But physician groups have raised their game considerably since the first NP full-practice laws were passed. In the past few years, they have reached out more vigorously to physicians, residents, and medical students in each state where NP or PA scope-of-practice bills have been introduced. The American Medical Association (AMA) has prepared members-only talking points and posted them on its web page.Footnote 70 State by state, the AMA is helping local medical societies fashion a strong response when scope-of-practice reform bills are introduced.Footnote 71 Going forward, both NPs and PAs will face stiffer opposition.Footnote 72
10.1.4 Reviewing the Story
In the 1960s, NPs and PAs were accepted into medicine without organized resistance. In hindsight, this is surprising. Each profession was permitted, under supervision, to diagnose and treat patients. Physicians could easily have perceived the delegation of their core medical powers to be an unacceptable intrusion into the central work of physicians. But they did not. The explanations for this peaceful entry may provide useful clues for law reformers. So, too, will the very different reaction that physicians had when NPs later sought freedom from physician oversight.
When the first NP and PA programs were created, the appearance of new mid-level health care providers was a routine occurrence. No existential norms were threatened. More importantly, physicians benefited financially from the arrival of these highly trained assistants. At the same time, the new professionals did not challenge physician primacy. Crucially, the new mid-level professionals would not be taking patients away from physicians. With a chronic shortage of primary care providers, there were patients enough to go around. Lastly, the practice of medicine was blessed with an ample pool of insurance funds from which to pay the new mid-level providers without taking a slice of the pie from physicians.

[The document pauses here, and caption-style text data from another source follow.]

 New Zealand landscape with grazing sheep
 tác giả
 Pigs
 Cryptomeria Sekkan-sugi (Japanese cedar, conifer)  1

Law reformers can duplicate some of these favorable conditions with careful crafting of boundaries, as discussed further in Section 10.3. But the absence of insurance, the lack of a tradition of sharing the legal ecosystem, and the oversupply of JDs are three environmental differences that pose unique challenges for law reformers. They, too, are discussed in Section 10.3.
NPs lost the support of physicians when they sought independence from physician oversight. Freed from physician oversight, NPs could set up their own practices, compete for patients, potentially lower prices, and acquire a status akin to a physician, at the top of the medical hierarchy. As NPs sought this greater independence and prestige, physicians began to view NPs as a financial threat, rather than a financial windfall. This new perspective caused a shift in physicians’ attitudes toward NPs – a shift that also offers lessons for law reform.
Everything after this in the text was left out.